In order to have as little recourse as possible to coal and nuclear power plants, Economics Minister Robert Habeck is proposing that Germans take shorter showers or even cold showers, much to the displeasure of the confrontational northern liberal Wolfgang Kubicki. He counters that he will shower until he is finished. My guess is that Kubicki has been whistling another song in the shower since the Habeck appeal and is taking more time than before to clean his body.
That’s the way it is with such appeals. Those to be reached counter with: why don’t you do better first! An unworthy interplay begins. “Why don’t you drive less?” – “As long as you still eat meat, I won’t drive less.”
We know this from our own childhood: the raised forefinger and advice with an instruction-like character go down very badly.
It’s even worse when they’re given by people who don’t take responsibility themselves. That’s how it feels when I read about Ben van Beurden. That’s the Dutch CEO of petroleum and natural gas giant Shell. The group made headlines a few days ago with a new record profit. 17.1 billion euros rang in the coffers of the oil giant. The record profits are particularly pleasing to Shell CEO van Beurden himself. He doubled his salary and a few days ago virtually declared himself and his company not responsible when it comes to more climate protection and the energy transition. “Supply has to adapt,” van Beuren explained, adding: “But it has to adapt to lower demand.” I’ll translate: As long as people want oil and demand it, Shell will continue to supply oil. It’s up to the others to get started.

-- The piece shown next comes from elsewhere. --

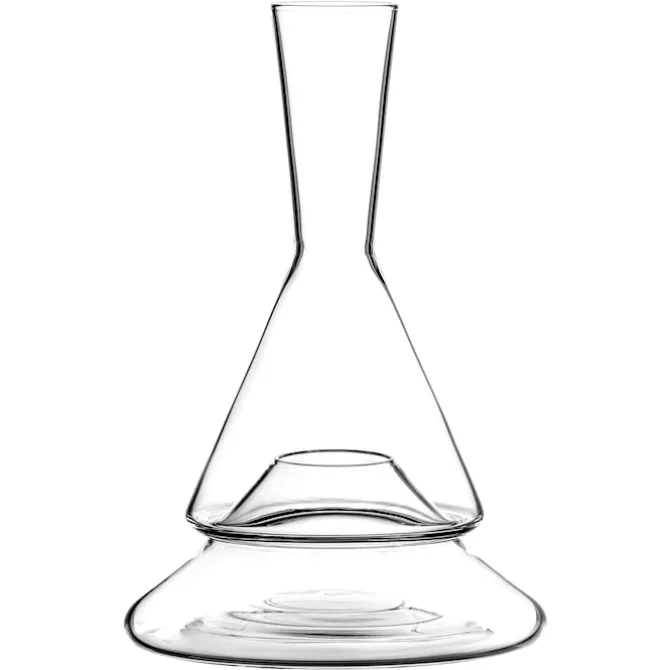 Zieher Decanter Doppio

From a business perspective, that may be fine. But who will take the first step now? Shell? No, the company doesn’t feel responsible. After all, the world wants oil and gas. The consumers? No, as long as there is still hot water, most people don’t want to take cold showers voluntarily. Politicians? No, because they are afraid of being caught between two stools and don’t know whether they should turn off the gas to the economy or to the households first, if it should become scarce.
Do you realize what is at stake here? We are shying away from responsibility. Of course, I think, I have no influence on what Shell does. But in my own household, I’m my own CEO, even if that doesn’t mean my three daughters listen to me. The raised forefinger doesn’t work at all there.
A little anecdote. When it comes to waste separation, I’m a stickler. So I also emphatically instructed my daughters to break down each recycled package into its various components. The reaction? Defiantly. They even started teasing me, wantonly dumping disposable deposit bottles in the yellow garbage can. Only to be amused by the way I had to fish the valuable raw materials out of the garbage can again.
I tried a different approach. With explanations, with empathy, with shared experiences. At some point, we applied the first compost produced from our own organic waste to our flower beds. A momentum of its own developed. In the meantime, we have become allies when it comes to waste separation and recycling.
Alliances – we need them on a social level, too. Only as allies can we achieve something. Together. Maybe Habeck should send a social media post from the cold shower and tag Wolfgang Kubicki in it. Let’s see if he doesn’t hurry up a bit more. And the Shell boss? He’ll earn less in the long run if we hurry to take a shower. As you can see, there’s a lot you can do yourself.